───── RECORDS TO PROCESS ─────

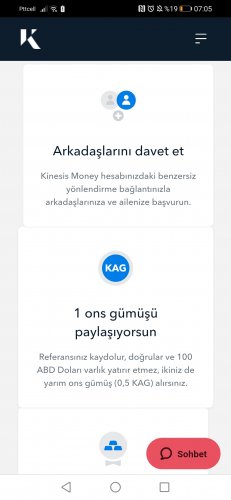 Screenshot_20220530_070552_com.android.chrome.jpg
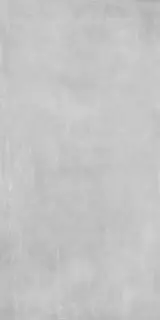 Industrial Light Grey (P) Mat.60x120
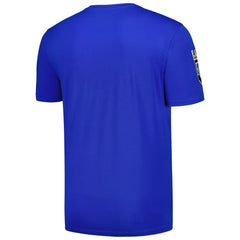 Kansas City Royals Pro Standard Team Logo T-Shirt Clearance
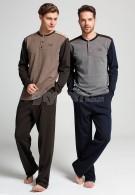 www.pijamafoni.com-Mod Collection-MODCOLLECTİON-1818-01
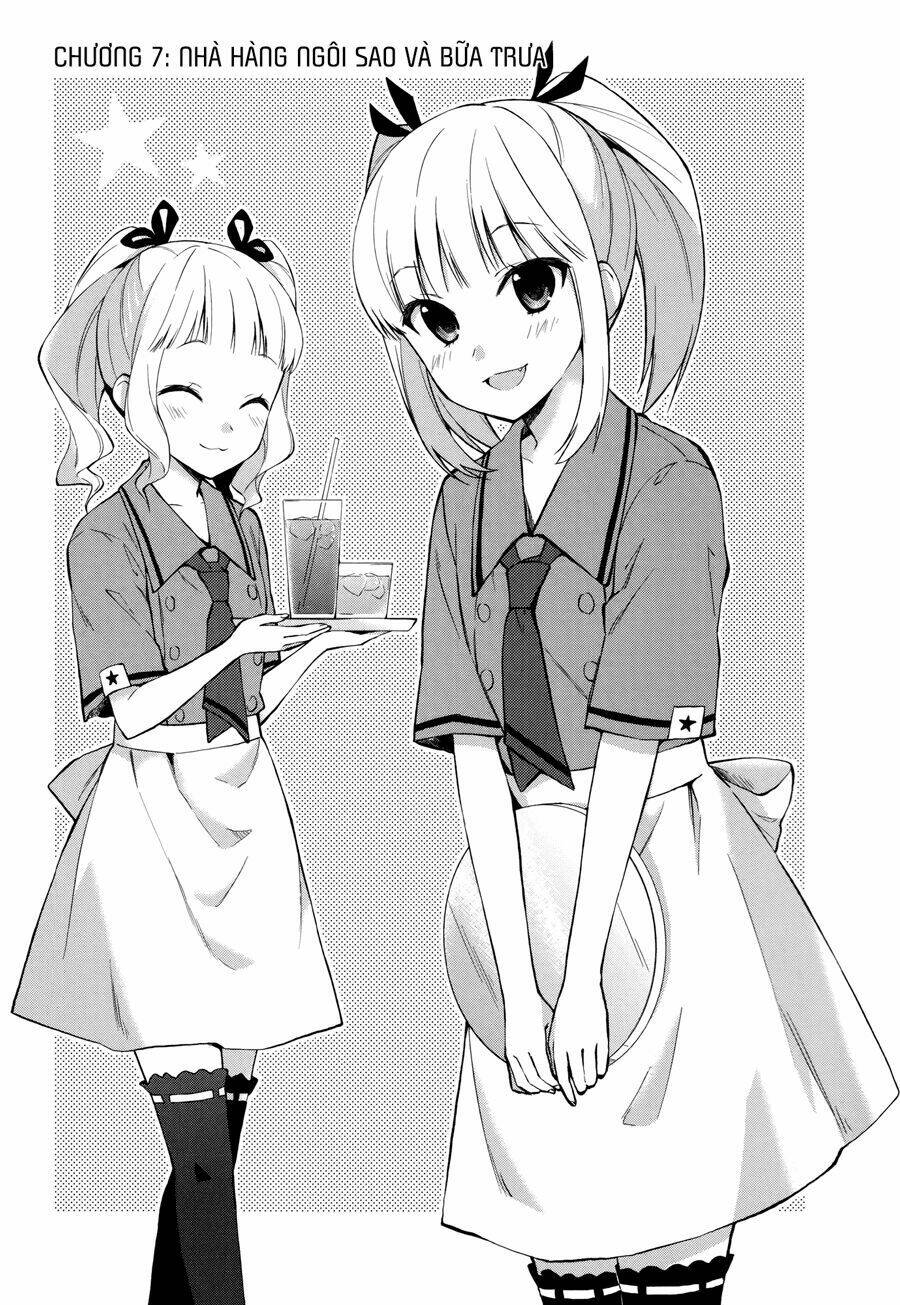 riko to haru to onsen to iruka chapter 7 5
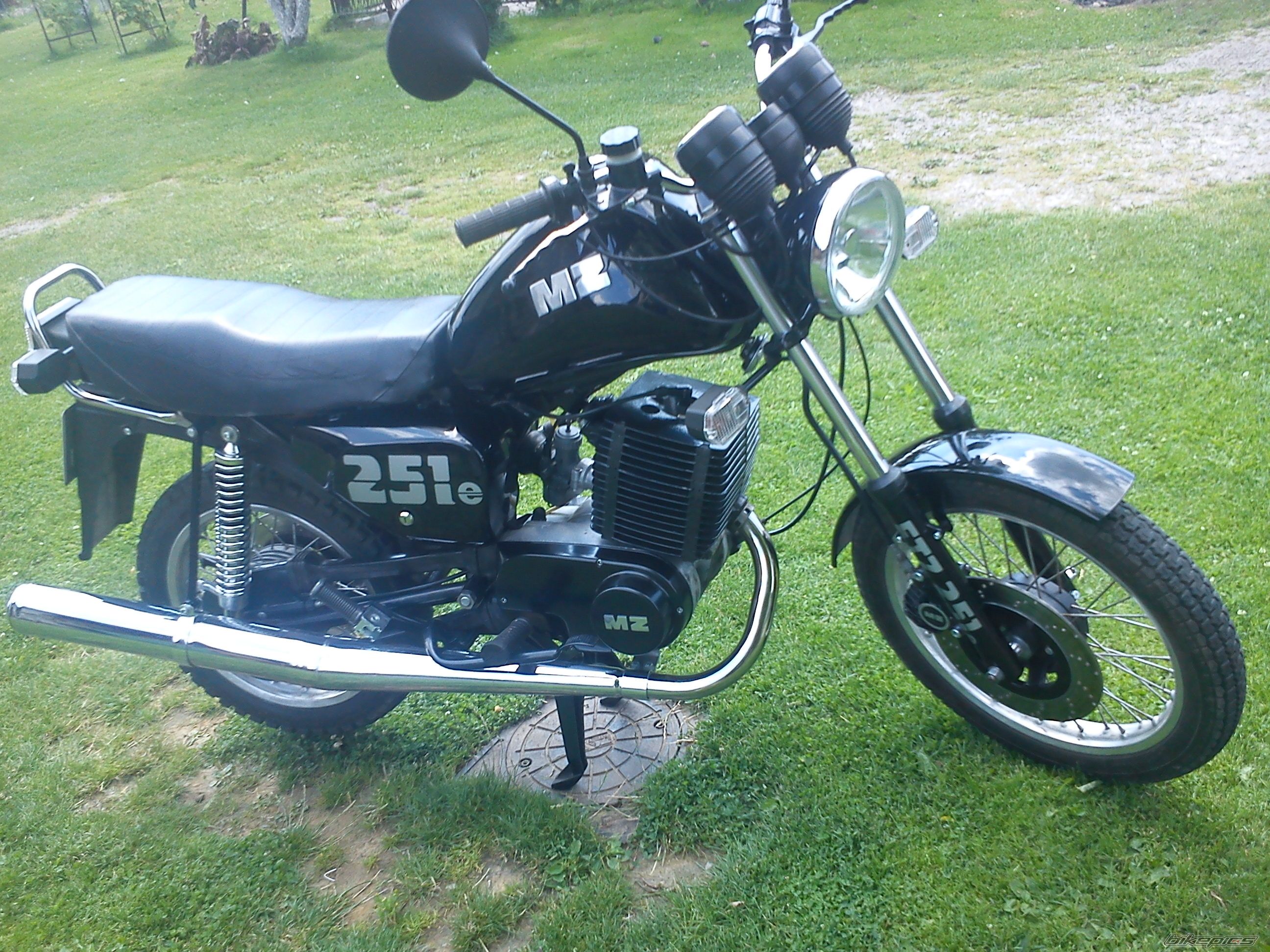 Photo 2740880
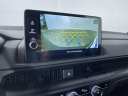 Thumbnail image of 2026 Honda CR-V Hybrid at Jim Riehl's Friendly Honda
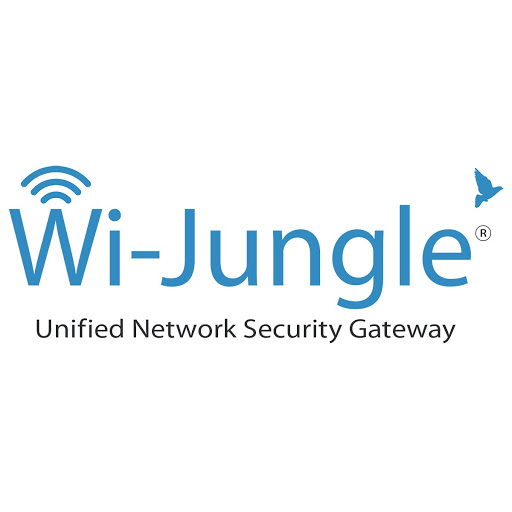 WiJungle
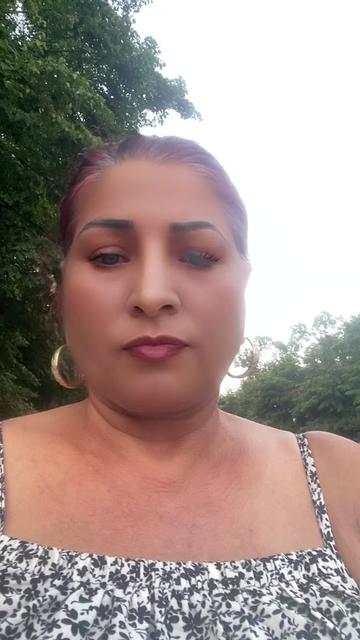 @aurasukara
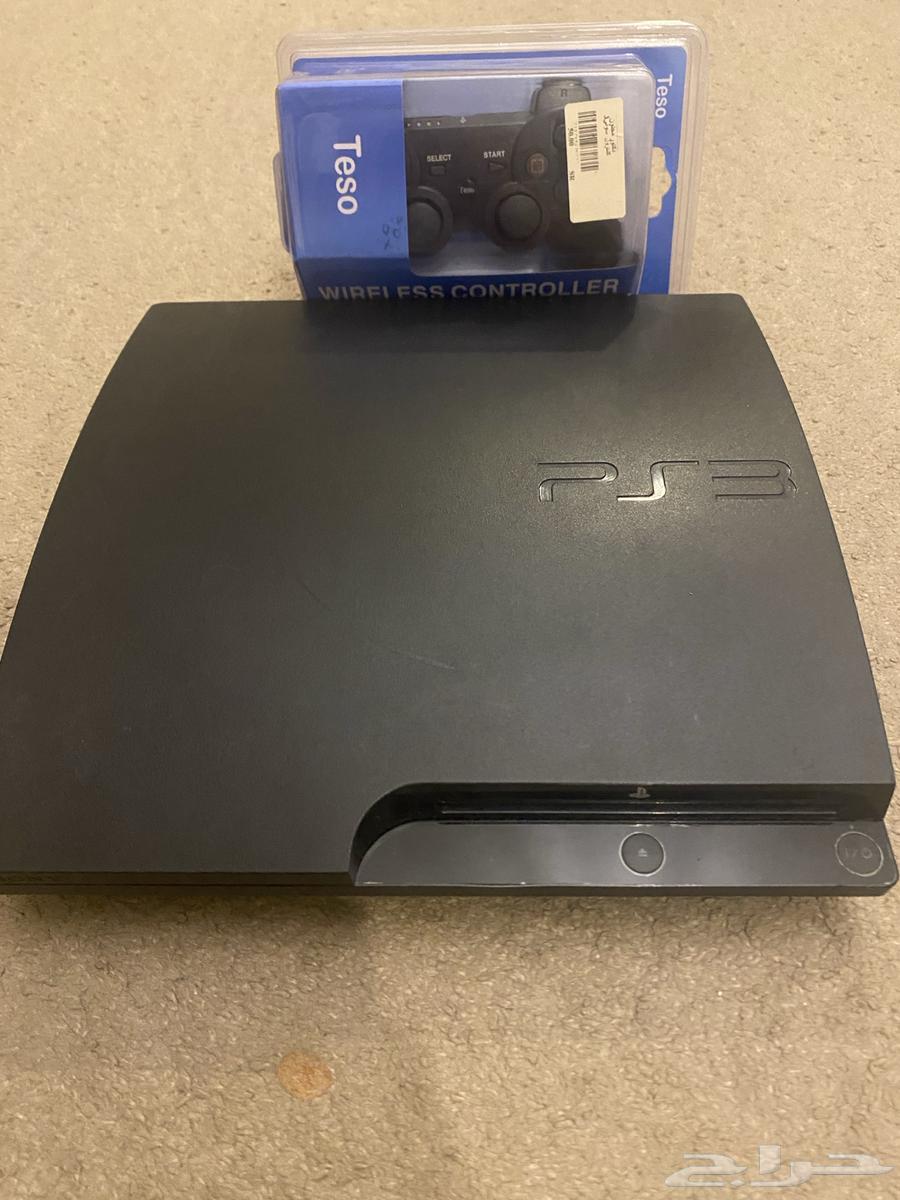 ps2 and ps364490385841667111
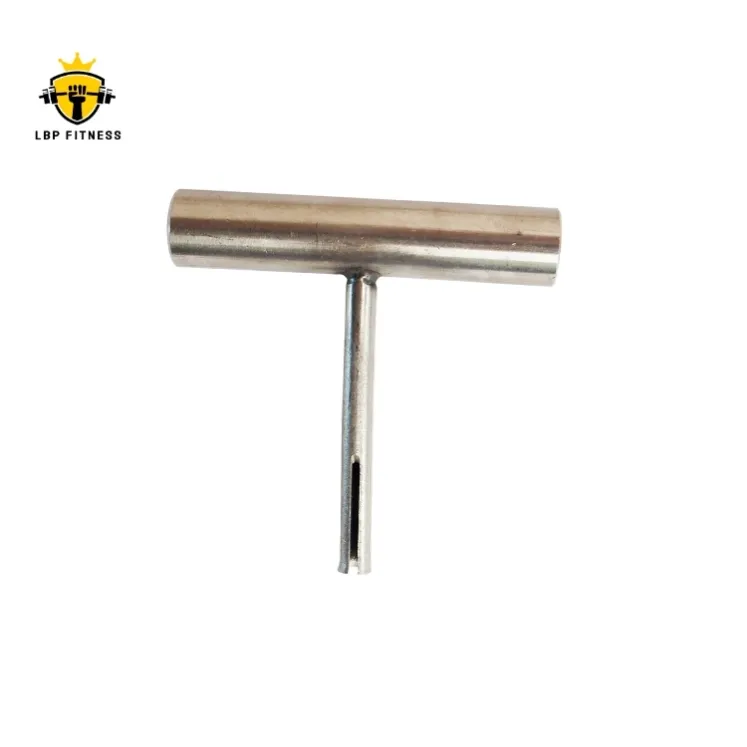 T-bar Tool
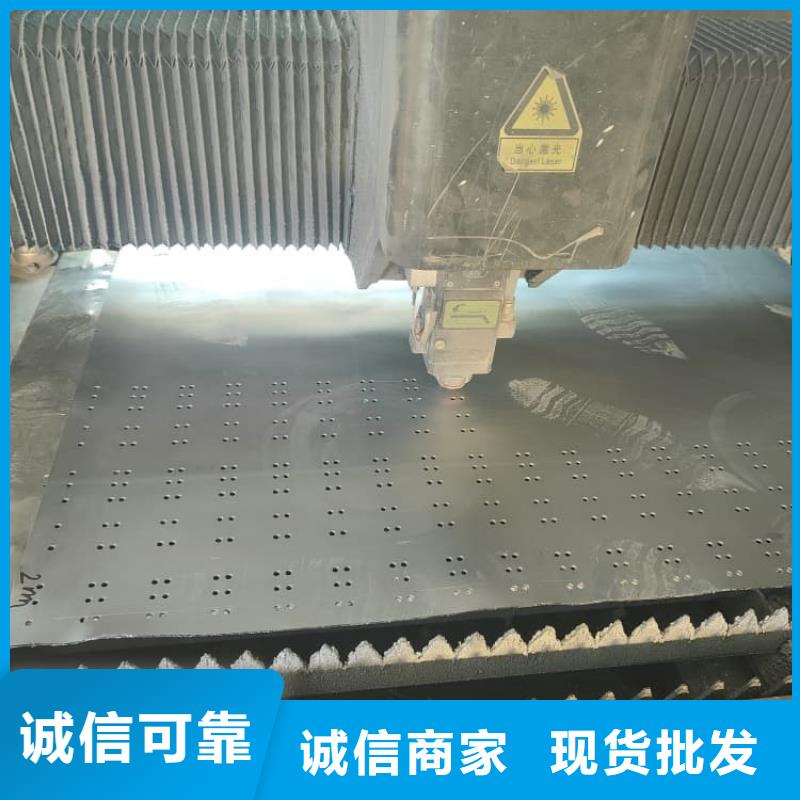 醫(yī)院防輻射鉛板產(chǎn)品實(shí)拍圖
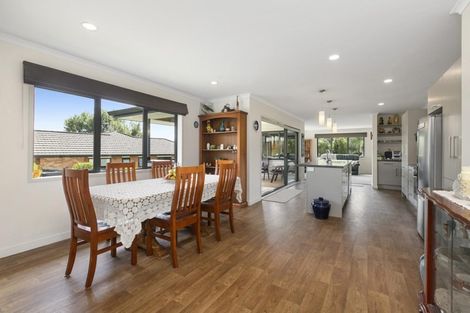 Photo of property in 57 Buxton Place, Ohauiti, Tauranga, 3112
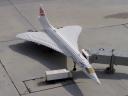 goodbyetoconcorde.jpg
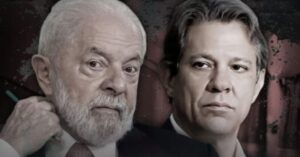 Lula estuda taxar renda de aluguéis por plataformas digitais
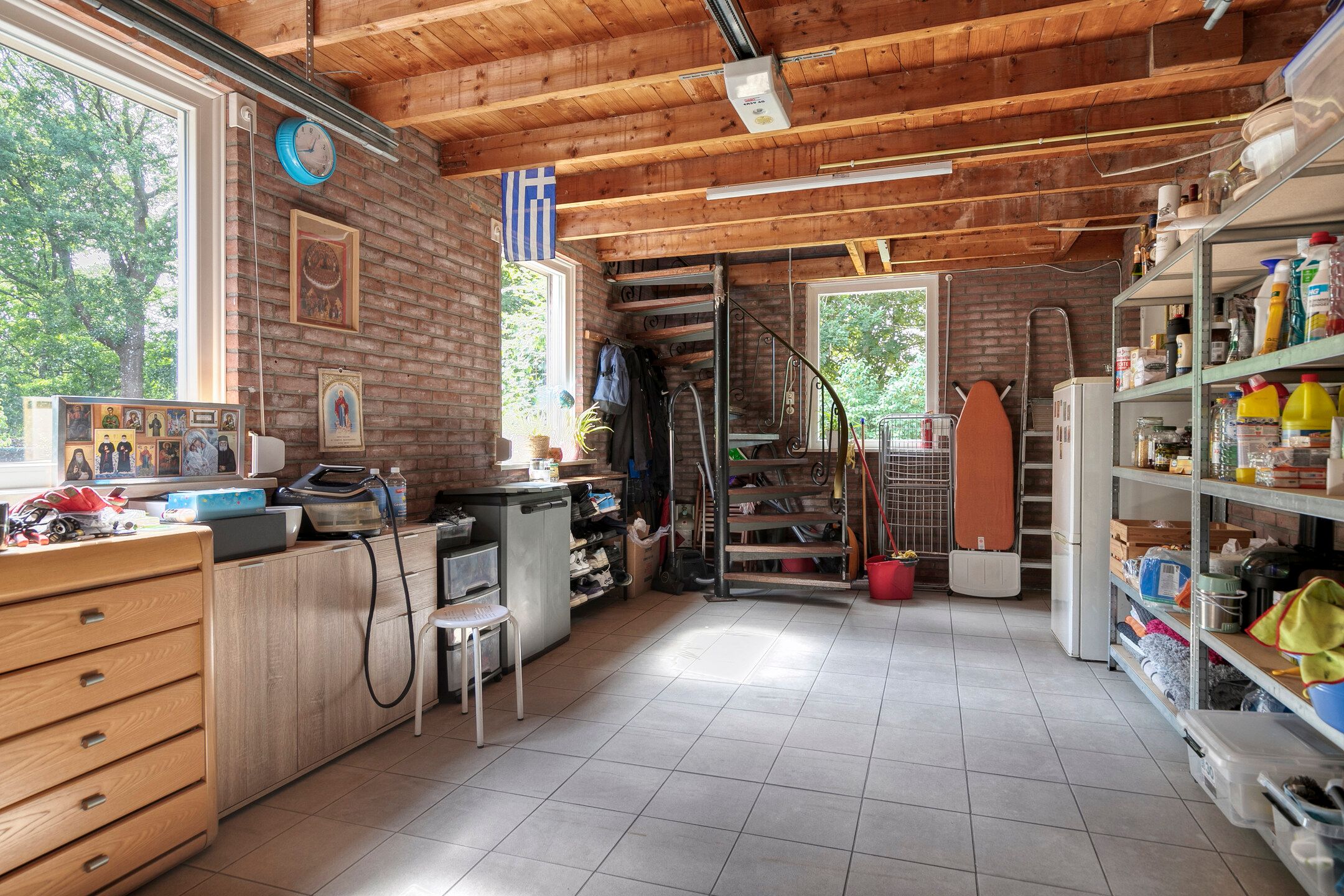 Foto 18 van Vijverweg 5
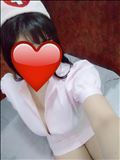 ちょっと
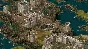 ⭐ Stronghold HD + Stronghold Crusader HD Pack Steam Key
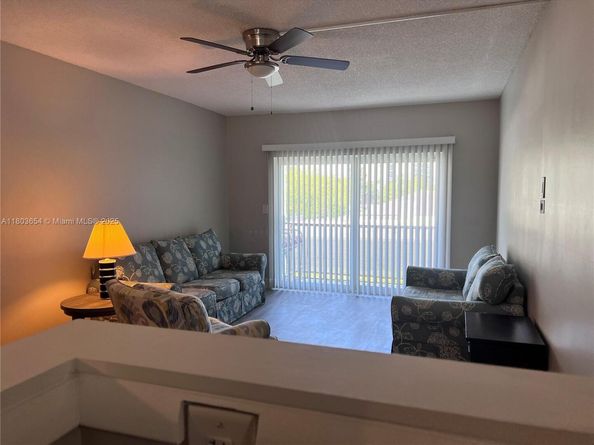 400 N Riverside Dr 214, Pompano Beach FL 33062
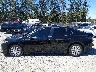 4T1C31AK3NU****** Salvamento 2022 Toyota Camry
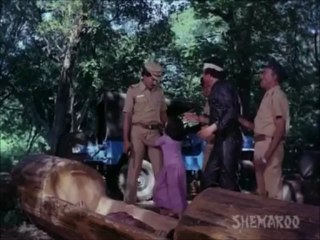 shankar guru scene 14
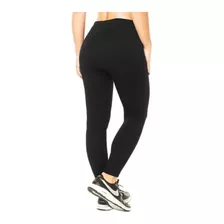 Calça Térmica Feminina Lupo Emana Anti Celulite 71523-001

─────

WORK REQUEST
Exact repetition of all entries is required. The pictures should not appear.

EXERCISE OUTPUT
 Screenshot_20220530_070552_com.android.chrome.jpg
 Industrial Light Grey (P) Mat.60x120
 Kansas City Royals Pro Standard Team Logo T-Shirt Clearance
 www.pijamafoni.com-Mod Collection-MODCOLLECTİON-1818-01
 riko to haru to onsen to iruka chapter 7 5
 Photo 2740880
 Thumbnail image of 2026 Honda CR-V Hybrid at Jim Riehl's Friendly Honda
 WiJungle
 @aurasukara
 ps2 and ps364490385841667111
 T-bar Tool
 醫(yī)院防輻射鉛板產(chǎn)品實(shí)拍圖
 Photo of property in 57 Buxton Place, Ohauiti, Tauranga, 3112
 goodbyetoconcorde.jpg
 Lula estuda taxar renda de aluguéis por plataformas digitais
 Foto 18 van Vijverweg 5
 ちょっと
 ⭐ Stronghold HD + Stronghold Crusader HD Pack Steam Key
 400 N Riverside Dr 214, Pompano Beach FL 33062
 4T1C31AK3NU****** Salvamento 2022 Toyota Camry
 shankar guru scene 14
 Calça Térmica Feminina Lupo Emana Anti Celulite 71523-001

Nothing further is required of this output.